I don't know how to use shell script could you guid me some point.
I am very glad to see your reply.
thans


----------



## shuuhen (Sep 4, 2004)

What shell is it written in? What's the exact error you get when trying to run it? Make sure it has the executable permission set for the user or group trying to run it.

There's a couple of guides to bash shell scripting on tldp.org. Check under Guides. There should be both an Advanced Bash Scripting and a Bash for Beginners.


----------



## lensman3 (Oct 19, 2007)

Shell scripts need execute permission to run. Add "chmod +x <script.sh>" where <script.sh> is you script name. If the script is in the same directory you are trying to execute it from, you must prepend the script name with "./" or "./script.sh". The reason for this is that the current working directory (CWD) is not in the PATH as it is automatically for DOS. It is considered a security hole to have the CWD in the PATH. To see what your path is type :"echo $PATH". If you do CWD add it at the end and make it a . (dot). 
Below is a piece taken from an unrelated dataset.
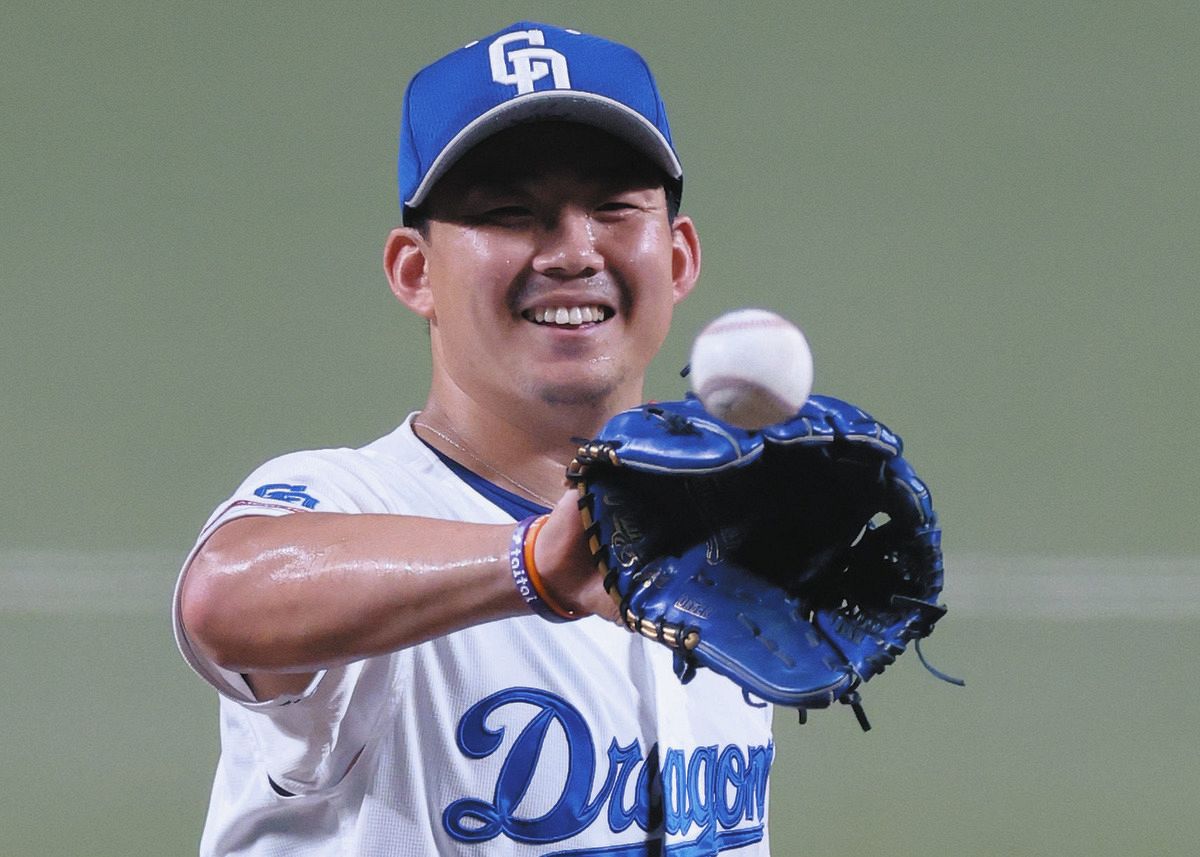 【朗報】中日小笠原慎之介、入札ありそう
You can execute a script without setting the execute bits by typing: "sh ./script.sh". This will execute it script. For debugging run it as "sh -x ./script.sh" or "sh -v ./script.sh" or "sh -vx ./script.sh". When the script is debugged move it to your ~/bin directory and add the execute bits.

The first line of the script is usually the engine that is going to run the script. If it the sh shell it is usually "#!/bin/sh". The #! IDs the file to be executed by the sh shell. Likewise for bash, csh, perl etc.

Go looking through /usr/bin at the various scripts that are there.

Hope this helps.


----------